Africa-to-Africa Investment (A2A) and Global Value Chains3 : Multinational companies themselves finance several operations through suppliers’ credit. A recent AfDB study notes the emerging trend of Africa-to-Africa (A2A) investment. The A2A report features eight publicly-listed and privately-owned African companies operating in consumer services, finance, industry, media and diversified portfolios, and investment, with home bases in North Africa (Morocco), West Africa (Nigeria, Togo), East and Central Africa (Ethiopia, Kenya), and Southern Africa (Mauritius, South Africa). Identifying and addressing the obstacles to financing A2A investments and the value chains involved are critical for furthering African trade integration.
FinTech: Mobile payments could help reduce transaction costs. For instance, telecom operator Orange Money is present in 11 countries in sub-Saharan Africa, and mobile-to-mobile payments in CFA francs are possible between West African countries including Cote d’Ivoire, Mali and Senegal. Similarly, in East Africa, Tigo offers cross-border mobile money transfers with automatic currency conversion between Tanzania and Rwanda. What’s important is striking the right balance between regulatory objectives and the pace of innovation.
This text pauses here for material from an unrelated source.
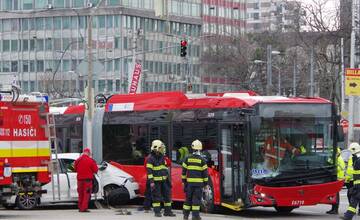 FOTO: Nový trolejbus dlho nejazdil. Na Trnavskom mýte sa zrazil s osobným autom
Informal Cross-Border Trade (ICBT): ICBT accounts for an important share of intra-Africa trade, reaching even 40% in the Common Market for Eastern and Southern Africa. ICBT is also high between Benin and Nigeria or Cote d’Ivoire and Ghana. Informal traders have developed their own mechanisms to finance their operations outside the formal financial sector. Understanding how informal trade is financed could help create jobs, especially for youth and women, reduce poverty and ultimately contribute to the formal sector. In addition to many e-commerce players identifying the informal sector as a crucial market, traditional financial institutions can contribute too. The African Export Import Bank (AFREXIMBANK)4 expressed significant interest in extending trade finance and payment products to informal cross-border traders.
We know today’s reality: Transaction costs are high in Africa when a U.S. clearing bank has to be involved every time two African countries trade amongst themselves in U.S. dollars. Or banks with corporate clients in different countries in an African region need to deal with multiple currencies, high market risks and exchange restrictions. Or African migrants face the highest costs in the world to send remittances from one African country to another. Financial integration, however, can drive overall integration by facilitating regional trade, investments and remittance flows. It is now up to policy makers to harmonise regulations further and build capacity, especially in cross-border banking supervision, while keeping pace with key trends and innovation. The architects of African trade integration must also be plumbers, because investing in the “plumbing” of financial integration ultimately provides quick gains and a sustainable path forward.
1 The views expressed in this article are those of the author and do not necessarily represent the views of the IMF, its Executive Board or IMF management.